Looking back, that was a huge game-changer for me.  And on paper it sounds like a proper epiphany.  But I don’t remember the moment when it happened.  It came in a bunch of tiny decisions I made, day to day.  I had a supportive network of friends at the time and they just kept nudging me, offering me social situations, inviting me along on short trips, and little by little, instead of resisting their invitations, I took them.  They probably didn’t know it, but every time we went to a house party, a trip to go dancing or to see a rock show, it was a big victory for me.  To see them take everything in stride made me want to be able to do that too, and at some point it shifted from wanting to do it, to doing it.

With a new-found freedom I moved west and pretty much did whatever I wanted without a thought to consequences.  I still made it a point (and I don’t think I had the psychological capacity) to never, ever look at my past, since it was such a downer, and could only think about my immediate future.  By the time I hit my mid-twenties I was incredibly tired.  I never turned down an invitation to go out, I was in a couple bands, in grad school, and worked full time, so the only thing I could cut back on was sleep.  So I slept little, rocked out a lot and studied in between.  I didn’t care if I died that day, as long as I was fully engaged when it happened.   However, the lifestyle was completely unsustainable health-wise, which I realized when I fell asleep one afternoon and didn’t wake until 2 days later.  I was suddenly forced to think of life as a long-term project instead of a minute-by-minute game of chance.  I did not like this change.   I fought it and made myself miserable.
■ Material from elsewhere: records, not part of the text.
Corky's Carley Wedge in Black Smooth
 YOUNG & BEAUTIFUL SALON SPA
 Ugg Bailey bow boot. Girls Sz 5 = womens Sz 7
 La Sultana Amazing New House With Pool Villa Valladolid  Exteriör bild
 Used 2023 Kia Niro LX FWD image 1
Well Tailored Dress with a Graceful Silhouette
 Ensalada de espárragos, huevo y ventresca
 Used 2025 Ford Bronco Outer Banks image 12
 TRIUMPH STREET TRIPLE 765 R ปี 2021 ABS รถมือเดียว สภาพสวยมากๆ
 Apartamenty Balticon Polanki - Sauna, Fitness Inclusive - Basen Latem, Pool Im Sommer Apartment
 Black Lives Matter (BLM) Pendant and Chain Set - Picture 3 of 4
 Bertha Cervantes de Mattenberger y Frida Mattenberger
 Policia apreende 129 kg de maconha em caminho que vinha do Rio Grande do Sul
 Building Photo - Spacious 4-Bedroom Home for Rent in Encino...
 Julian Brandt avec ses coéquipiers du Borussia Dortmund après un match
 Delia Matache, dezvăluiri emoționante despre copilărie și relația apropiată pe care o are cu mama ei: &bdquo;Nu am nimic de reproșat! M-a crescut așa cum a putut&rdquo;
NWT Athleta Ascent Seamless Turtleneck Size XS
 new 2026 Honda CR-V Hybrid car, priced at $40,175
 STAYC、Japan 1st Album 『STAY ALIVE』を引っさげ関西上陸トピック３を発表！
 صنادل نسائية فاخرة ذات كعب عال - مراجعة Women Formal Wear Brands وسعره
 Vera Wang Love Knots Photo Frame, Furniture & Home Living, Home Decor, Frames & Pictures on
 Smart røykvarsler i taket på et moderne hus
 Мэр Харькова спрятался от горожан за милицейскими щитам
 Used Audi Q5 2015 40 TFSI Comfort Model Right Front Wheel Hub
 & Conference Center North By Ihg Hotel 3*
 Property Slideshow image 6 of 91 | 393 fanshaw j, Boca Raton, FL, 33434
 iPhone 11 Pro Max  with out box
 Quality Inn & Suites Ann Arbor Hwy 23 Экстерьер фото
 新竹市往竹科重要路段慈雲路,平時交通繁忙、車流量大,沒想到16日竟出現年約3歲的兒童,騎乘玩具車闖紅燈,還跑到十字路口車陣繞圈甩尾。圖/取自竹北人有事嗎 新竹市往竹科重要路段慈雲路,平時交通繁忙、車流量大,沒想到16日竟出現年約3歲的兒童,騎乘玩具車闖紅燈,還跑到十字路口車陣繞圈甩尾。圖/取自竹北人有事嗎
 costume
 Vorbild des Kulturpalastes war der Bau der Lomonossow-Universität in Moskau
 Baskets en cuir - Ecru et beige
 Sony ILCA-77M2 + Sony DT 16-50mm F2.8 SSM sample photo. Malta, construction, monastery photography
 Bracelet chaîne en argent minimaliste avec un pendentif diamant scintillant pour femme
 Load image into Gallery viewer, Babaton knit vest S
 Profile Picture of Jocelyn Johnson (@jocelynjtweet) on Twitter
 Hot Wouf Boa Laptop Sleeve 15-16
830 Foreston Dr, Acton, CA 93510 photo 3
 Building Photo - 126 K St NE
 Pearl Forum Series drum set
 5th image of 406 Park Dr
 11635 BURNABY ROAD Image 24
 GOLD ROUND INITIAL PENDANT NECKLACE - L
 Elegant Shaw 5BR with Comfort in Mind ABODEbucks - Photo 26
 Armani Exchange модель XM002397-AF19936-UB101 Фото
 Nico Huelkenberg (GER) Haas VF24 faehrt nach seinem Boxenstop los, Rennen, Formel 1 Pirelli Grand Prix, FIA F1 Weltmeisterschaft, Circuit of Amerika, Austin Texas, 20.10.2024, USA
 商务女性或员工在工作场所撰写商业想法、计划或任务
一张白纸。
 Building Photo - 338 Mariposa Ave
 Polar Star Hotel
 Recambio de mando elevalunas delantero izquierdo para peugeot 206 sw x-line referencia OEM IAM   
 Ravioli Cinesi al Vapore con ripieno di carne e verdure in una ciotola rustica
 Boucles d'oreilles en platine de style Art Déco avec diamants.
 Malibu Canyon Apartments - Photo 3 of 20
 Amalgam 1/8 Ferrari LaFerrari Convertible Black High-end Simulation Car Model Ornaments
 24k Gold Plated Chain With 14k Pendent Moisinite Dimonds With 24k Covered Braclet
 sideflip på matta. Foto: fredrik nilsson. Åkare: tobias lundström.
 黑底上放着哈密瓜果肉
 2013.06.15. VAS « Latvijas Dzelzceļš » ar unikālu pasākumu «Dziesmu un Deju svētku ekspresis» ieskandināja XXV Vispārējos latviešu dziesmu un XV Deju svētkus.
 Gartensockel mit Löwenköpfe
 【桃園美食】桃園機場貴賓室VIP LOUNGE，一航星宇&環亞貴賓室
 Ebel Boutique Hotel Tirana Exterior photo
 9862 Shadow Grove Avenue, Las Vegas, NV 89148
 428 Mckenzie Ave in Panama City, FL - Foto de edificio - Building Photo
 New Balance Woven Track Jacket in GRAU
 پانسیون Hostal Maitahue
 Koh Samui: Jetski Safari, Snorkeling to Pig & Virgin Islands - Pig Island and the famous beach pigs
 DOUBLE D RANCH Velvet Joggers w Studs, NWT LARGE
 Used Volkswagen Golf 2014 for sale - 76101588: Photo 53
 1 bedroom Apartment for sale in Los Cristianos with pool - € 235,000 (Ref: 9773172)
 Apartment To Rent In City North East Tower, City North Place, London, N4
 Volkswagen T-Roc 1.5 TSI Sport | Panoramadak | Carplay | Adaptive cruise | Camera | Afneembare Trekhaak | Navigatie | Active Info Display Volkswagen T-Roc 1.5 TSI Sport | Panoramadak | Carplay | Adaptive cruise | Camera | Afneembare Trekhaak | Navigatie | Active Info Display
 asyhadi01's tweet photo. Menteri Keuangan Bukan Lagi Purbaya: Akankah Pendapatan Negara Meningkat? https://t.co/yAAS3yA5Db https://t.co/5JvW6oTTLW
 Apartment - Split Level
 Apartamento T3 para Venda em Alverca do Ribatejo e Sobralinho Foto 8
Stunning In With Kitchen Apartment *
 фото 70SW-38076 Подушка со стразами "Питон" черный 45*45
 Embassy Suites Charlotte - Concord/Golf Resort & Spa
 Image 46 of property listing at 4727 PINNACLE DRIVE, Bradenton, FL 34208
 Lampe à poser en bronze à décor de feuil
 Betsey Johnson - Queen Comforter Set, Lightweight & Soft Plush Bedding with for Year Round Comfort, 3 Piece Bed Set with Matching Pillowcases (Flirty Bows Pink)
After getting my Master’s, I took a break from work for a bit, took a breath, and realized that in order to  make my current life tolerable, I needed to close a chapter on that first part of my life I had been drinking handles of whiskey to forget.  I don’t remember a whole lot of that time, even though it was only about 10 years ago.  One of the wonders of the human mind is to make terrible sicknesses go by in a haze – that fever-dream sort of reality you can remember happening, but all the details are muted.  I had consciously driven a solid wedge between the younger me, when I was deathly ill, and the kinda grown-up me that had forged a life on the west coast.  It was time to reconcile.  So I scraped up that skinny, scared, often vacant-eyed little girl that was pre-millennial me and have her a hug, gave her some support, and I took her with me as I returned home, to the east coast.  

I was only half alive for quite a while, as a person with a future but no past.  So now I’m currently facing that which has always scared me the most and finding it’s not as bad as I thought.  Don’t get me wrong, it can get dark sometimes.  Lord, can it.  But while the first part of my life was painful and brutal, it’s a big part of who I am now, good or bad.  I still don’t care if I die today and I still do pretty much whatever I want (though in a more responsible way, I guess).  I like those traits and I don’t know if I would have acquired them without my fairly rocky start to life.  That’s a second and fairly recent epiphany for me.  The moment when I realized I am truly the sum of my life experience and every bit of it is relevant to who I am now. 

So shit happens.  Sometimes you get buried under a load of it and it takes a long time to dig out, but all you can do is know that eventually it will be folded into your psyche, and you will step away a slightly different but more resilient person.  Nietzche was right (and isn’t he always, though?): That which does not kill us, makes us stronger.  Where’s my bus headed now?  Not sure.  I’ve learned to let go a bit and just see where the road leads.  Besides, I can always turn off the path if I want, as there are all kinds of tiny miracles to be found in the dust and the dirt and the dark.